ACTIVITY: Any picture must be dropped, but each line of the data should be duplicated exactly.

START SUPPLIED MATERIAL

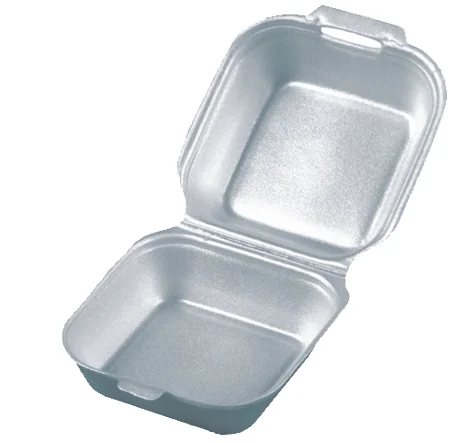 STARPAK Boîte à hamburger rectangulaire, XPS, 145x155x80 mm - OEM 81368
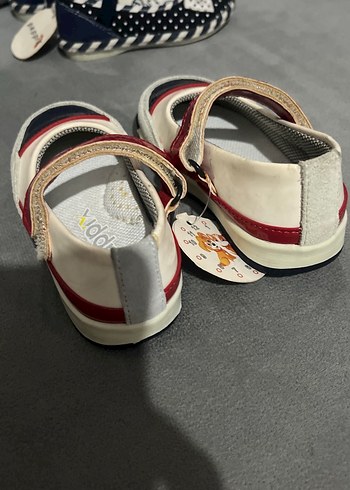 Kız Çocuk Renkli Tokalı Babet - Görsel 5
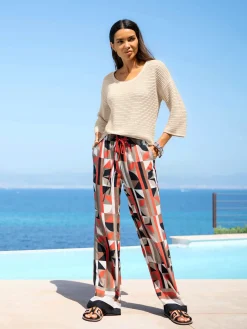 Pull encolure ronde fil fantaisie brillant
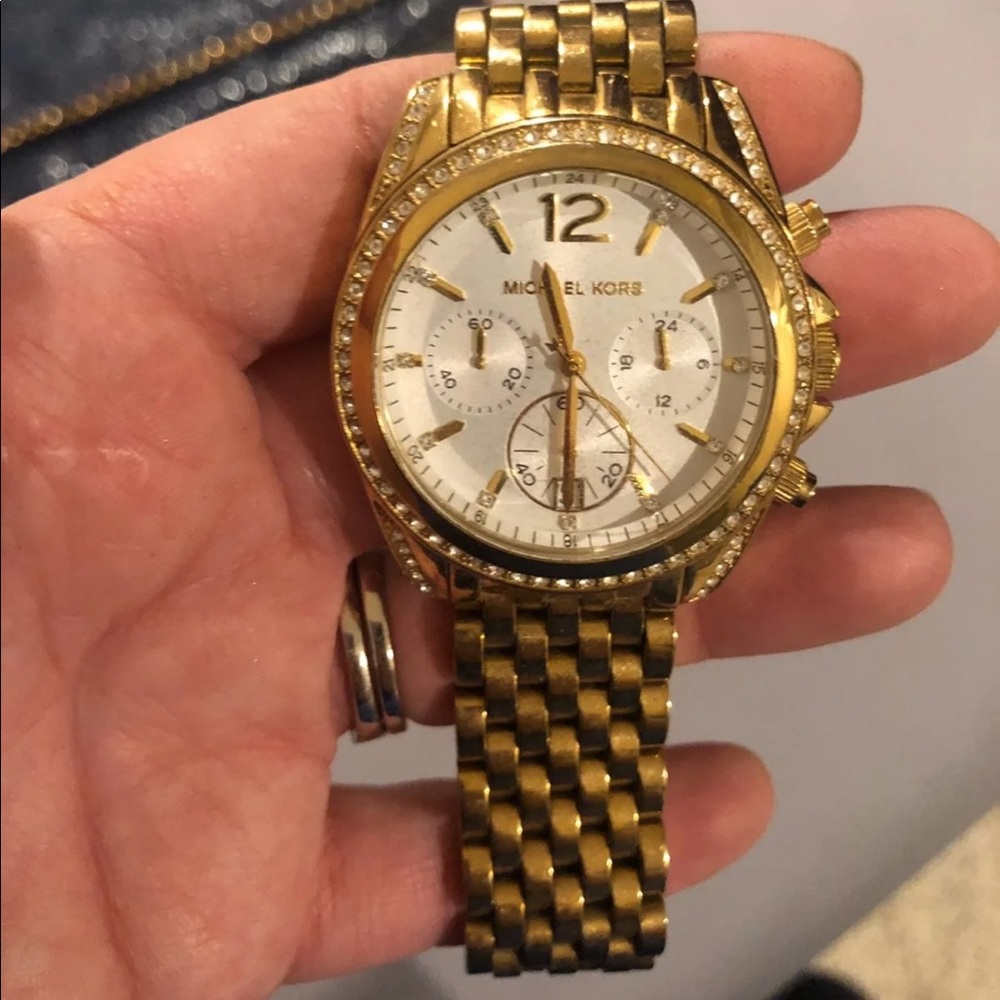 Gold watch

END SUPPLIED MATERIAL

OUTPUT FOR THIS TASK:
 STARPAK Boîte à hamburger rectangulaire, XPS, 145x155x80 mm - OEM 81368
 Kız Çocuk Renkli Tokalı Babet - Görsel 5
 Pull encolure ronde fil fantaisie brillant
 Gold watch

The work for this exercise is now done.